DATA EXTRACTS »

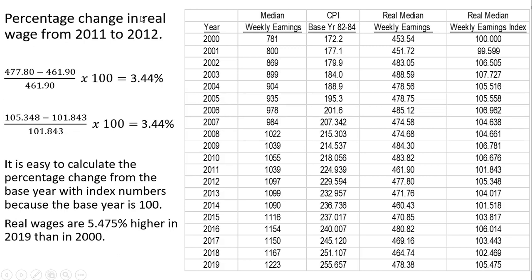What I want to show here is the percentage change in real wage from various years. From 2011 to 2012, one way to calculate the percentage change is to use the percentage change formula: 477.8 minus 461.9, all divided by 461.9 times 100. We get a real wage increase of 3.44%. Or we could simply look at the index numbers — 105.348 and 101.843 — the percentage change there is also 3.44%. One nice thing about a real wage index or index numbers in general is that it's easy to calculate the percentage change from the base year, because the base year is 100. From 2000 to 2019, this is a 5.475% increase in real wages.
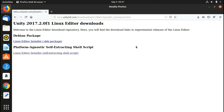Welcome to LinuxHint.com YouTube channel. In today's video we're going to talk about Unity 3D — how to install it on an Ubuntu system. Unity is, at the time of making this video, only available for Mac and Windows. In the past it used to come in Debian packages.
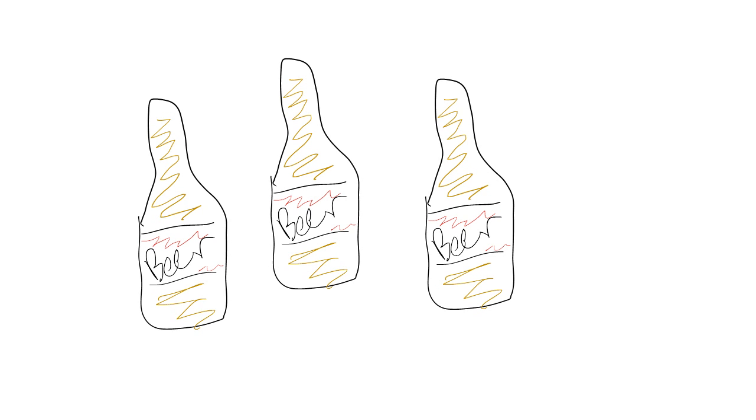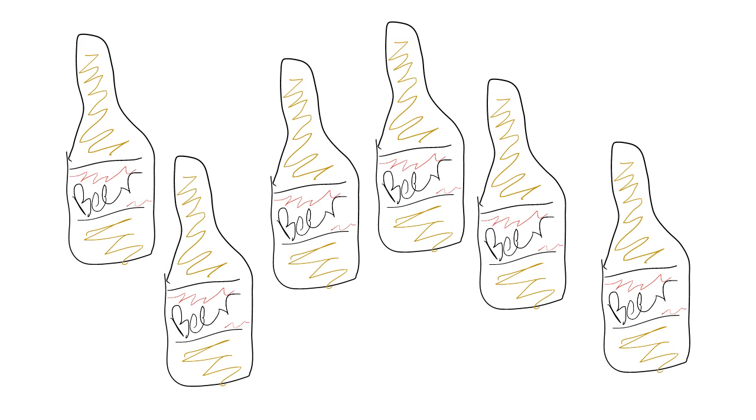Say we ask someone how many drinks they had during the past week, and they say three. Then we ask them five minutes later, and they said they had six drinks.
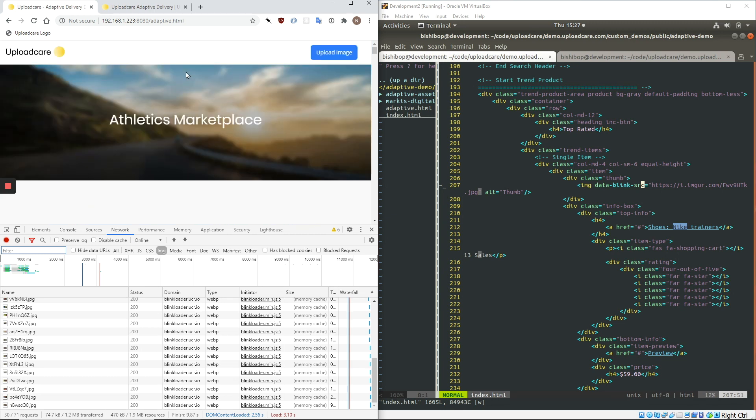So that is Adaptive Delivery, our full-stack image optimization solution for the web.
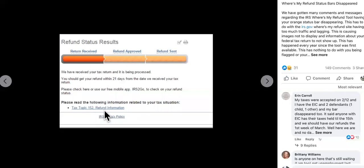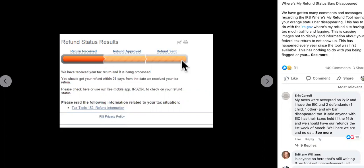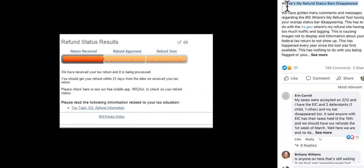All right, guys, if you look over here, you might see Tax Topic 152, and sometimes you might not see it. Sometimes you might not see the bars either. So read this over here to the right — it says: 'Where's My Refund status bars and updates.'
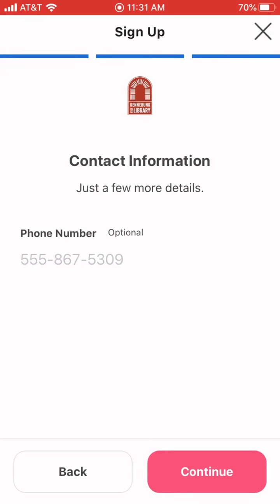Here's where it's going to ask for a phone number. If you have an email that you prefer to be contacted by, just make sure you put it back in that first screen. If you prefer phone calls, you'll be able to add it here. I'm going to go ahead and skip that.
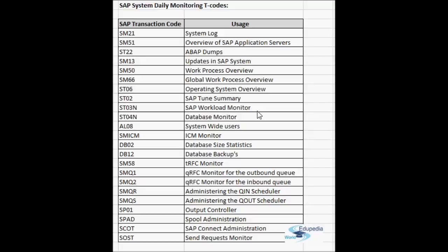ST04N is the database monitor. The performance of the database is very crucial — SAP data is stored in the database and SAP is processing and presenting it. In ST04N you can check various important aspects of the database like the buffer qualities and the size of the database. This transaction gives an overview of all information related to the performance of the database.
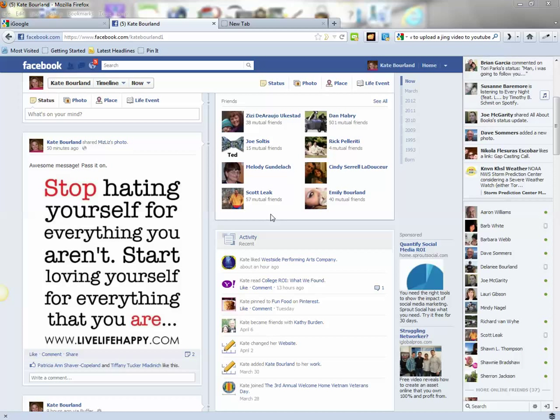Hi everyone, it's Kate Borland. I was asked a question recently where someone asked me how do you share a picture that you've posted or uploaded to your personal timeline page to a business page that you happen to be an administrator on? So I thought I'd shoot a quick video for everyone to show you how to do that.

TO DO » An exact copy is needed. It runs from the line above containing "Welcome to LinuxHint.com" down to the line containing "All right, guys, if", both included, with no pictures.

YOUR RESPONSE »
Welcome to LinuxHint.com YouTube channel. In today's video we're going to talk about Unity 3D — how to install it on an Ubuntu system. Unity is, at the time of making this video, only available for Mac and Windows. In the past it used to come in Debian packages.
Say we ask someone how many drinks they had during the past week, and they say three. Then we ask them five minutes later, and they said they had six drinks.
So that is Adaptive Delivery, our full-stack image optimization solution for the web.
All right, guys, if you look over here, you might see Tax Topic 152, and sometimes you might not see it. Sometimes you might not see the bars either. So read this over here to the right — it says: 'Where's My Refund status bars and updates.'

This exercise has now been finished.